My companions include beauty editors and makeup artists from across the globe, all of us in town for a launch by Benefit cosmetics. We are soon decanted from the about 2km chartered ride across treacherous currents, perfectly timed to watch the sun set over the Golden Gate Bridge. Anyone teetering ashore is offered ballet slip-ons for the ascent. Thanking my gold flats, I take off in the first group of guests led by one of a team of US National Parks Service staff in attendance on our outing. Those wearing designer heels stay behind to have them stowed in individually named paper bags which are returned to them at our coatcheck for the cocktail evening - just outside the main jail concourse.

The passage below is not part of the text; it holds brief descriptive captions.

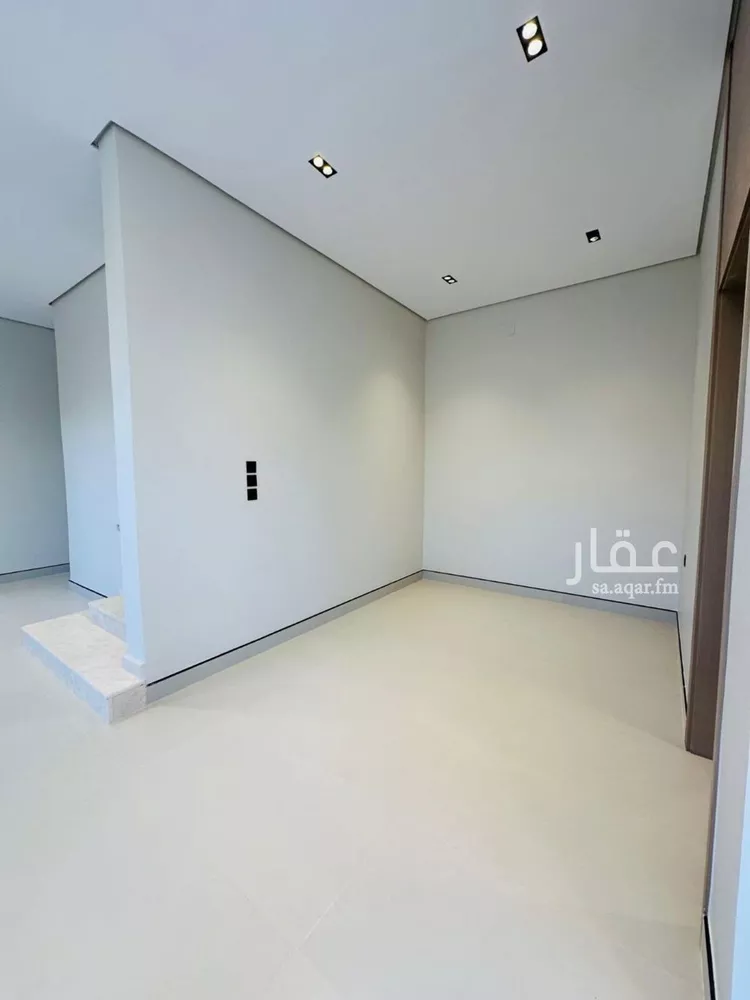 فيلا للبيع في شارع قابوس, حي المعيزيلة, مدينة الرياض, منطقة الرياض 6
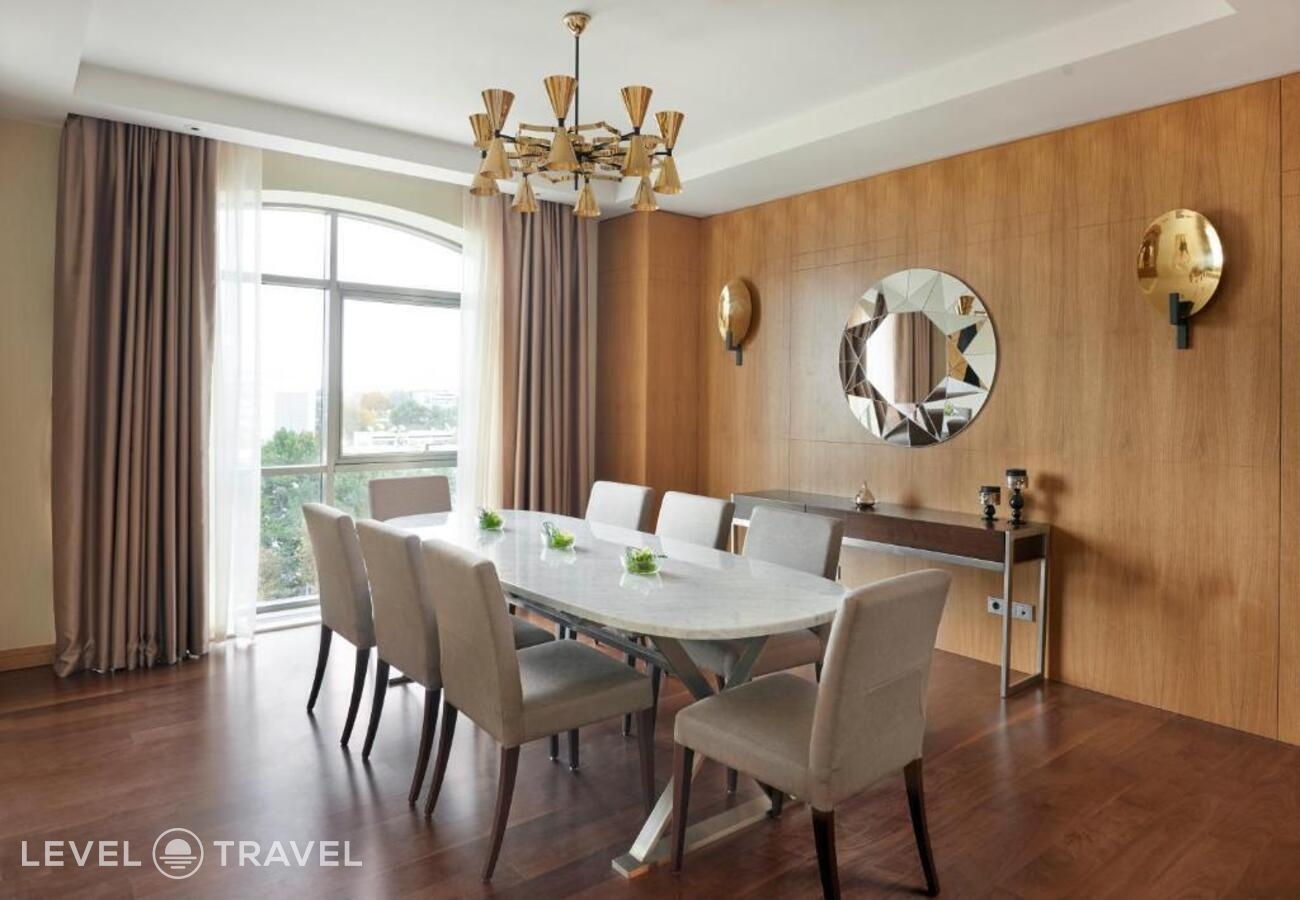 фотографии номера Двухместный люкс Diplomatic двуспальная кровать отеля Hyatt Regency Tashkent в Узбекистан(Ташкент) - фото №4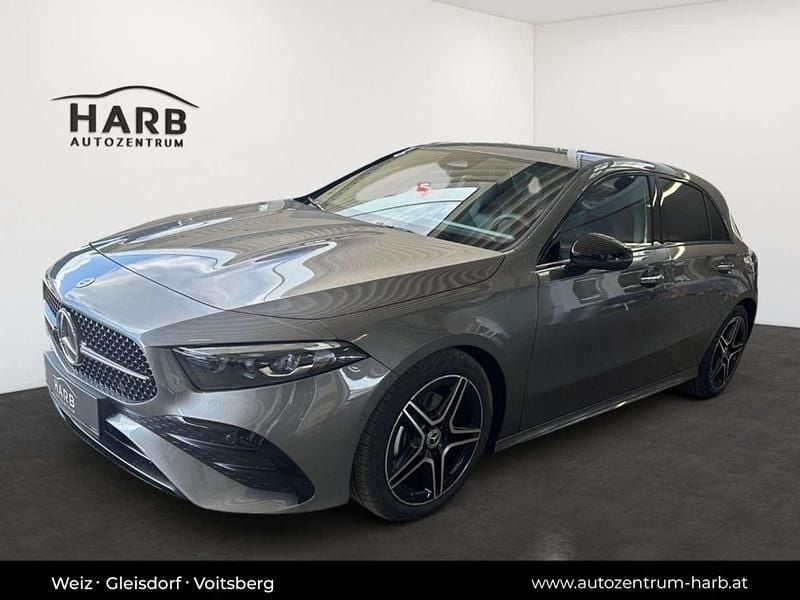 Gebraucht Mercedes A180 116 PS (85 kW) 2025 Grau Limousine
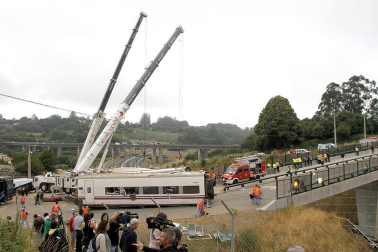 Un tren Alvia que unía Madrid y Ferrol ha descarrilado este miércoles cerca de Santiago de Compostela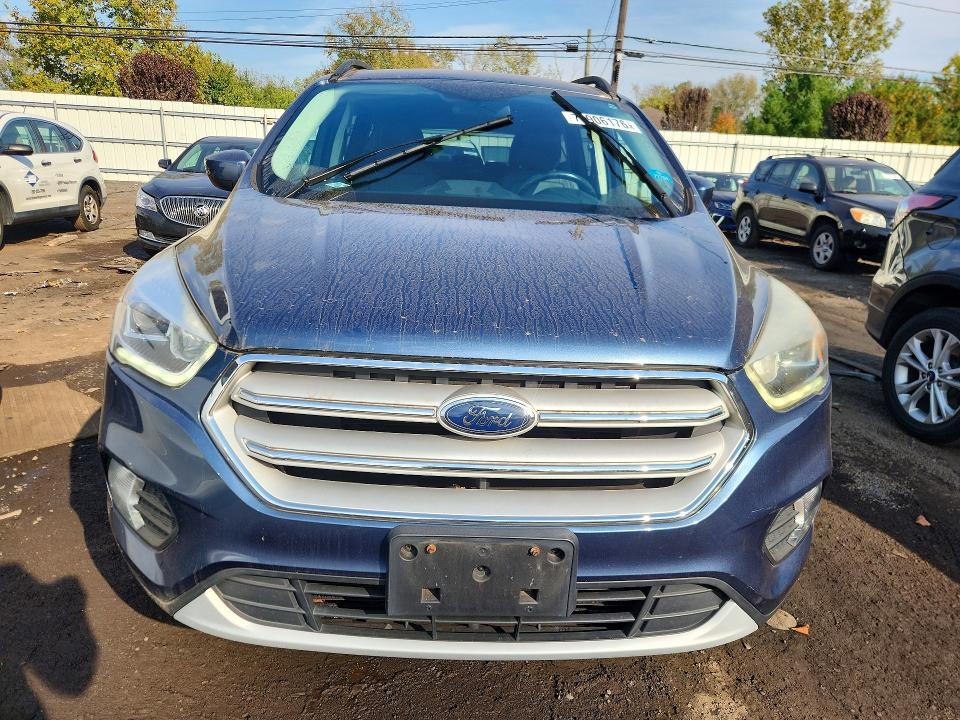 Auction sale of the 2018 Ford Escape, vin: 1FMCU9HD6JUB01627, lot number: 70906176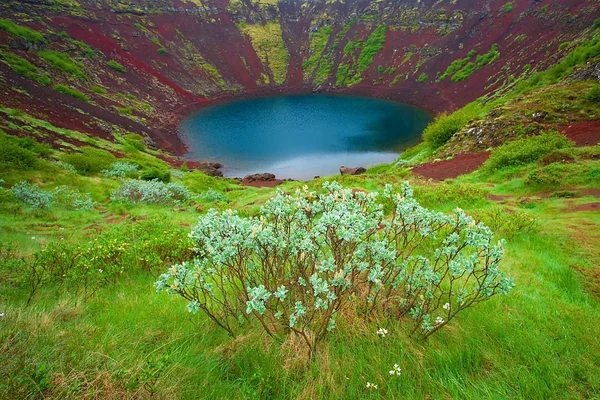 Kerid är kratersjön som ligger på södra Island. — Stockfoto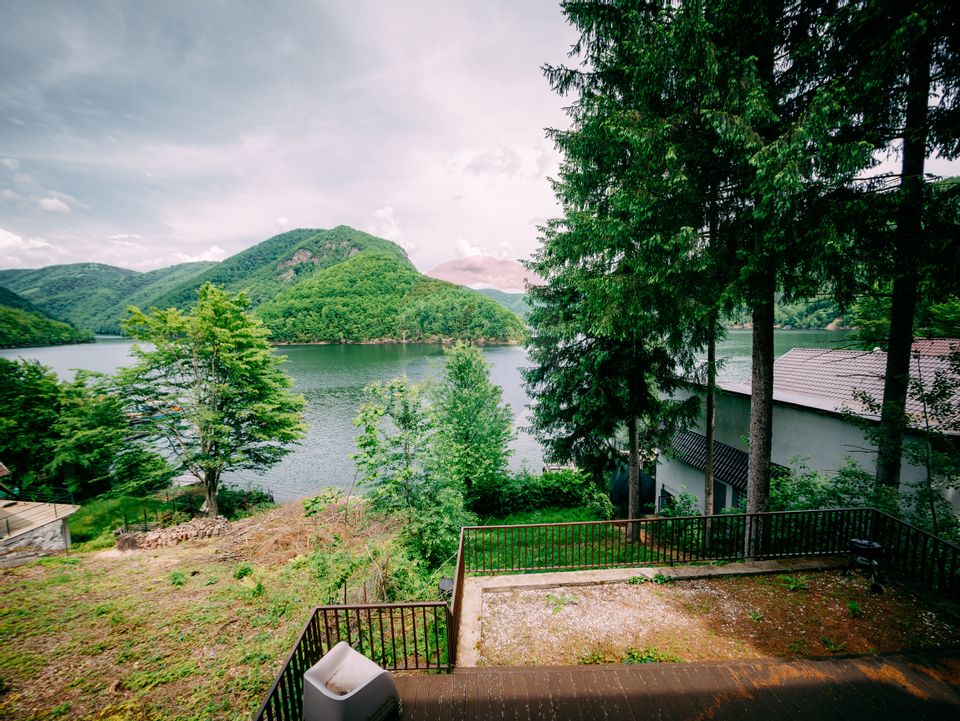 Vanzare casa de vacanta cu ponton privat la lac Tarnita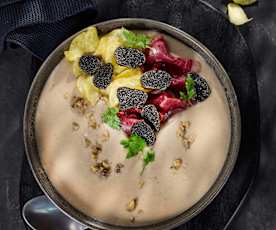 Getrüffelte Maronensuppe mit geräucherter Ente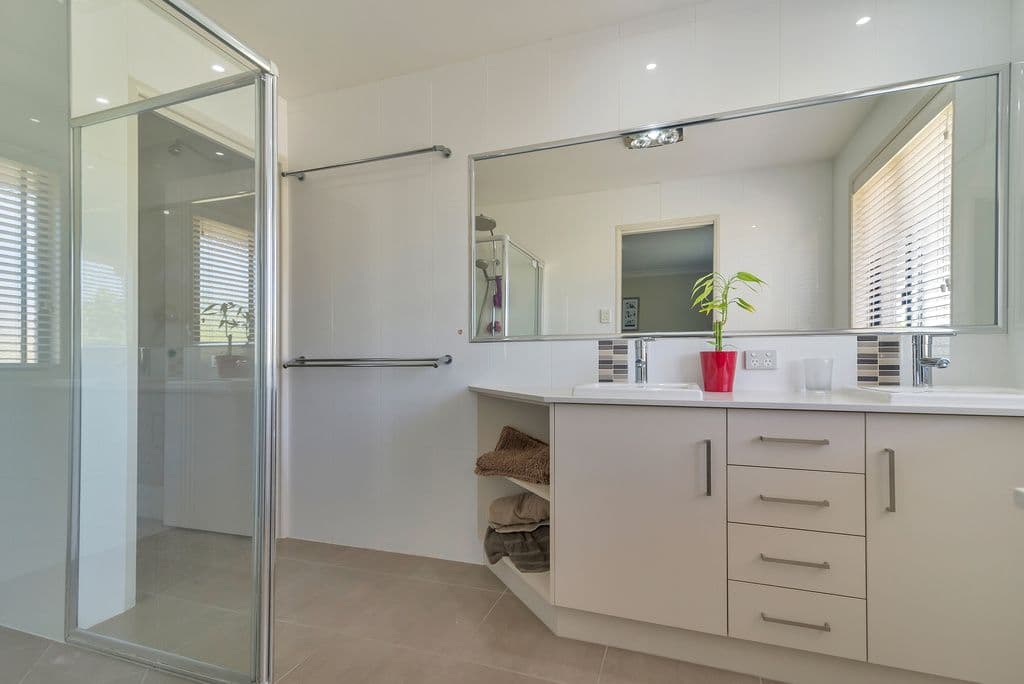 25 Northerly Drive, HODGSON VALE QLD 4352, Hodgson Vale - Thumbnail 8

Movie-star handsome Ranger Gary gives a little spiel about the prison's history before handing over to Ranger Lou who says she's virtually a lifer. After 26 years guiding at Alcatraz this weathered veteran knows her stuff. She even seeks to settle any unease we may feel at partying in a prison by explaining that it wasn't all awful on at the Rock. Soldiers and guards who served there over its time as a fort and a jail, lived in barracks opening to cottage gardens sheltered below the forbidding main building. Inmates enjoyed the best food in the prison service, but, of course, escape was always their ambition, usually with deadly consequences.
As to those few who might have gotten away, she left it to our imagination, but my money is on the sharks.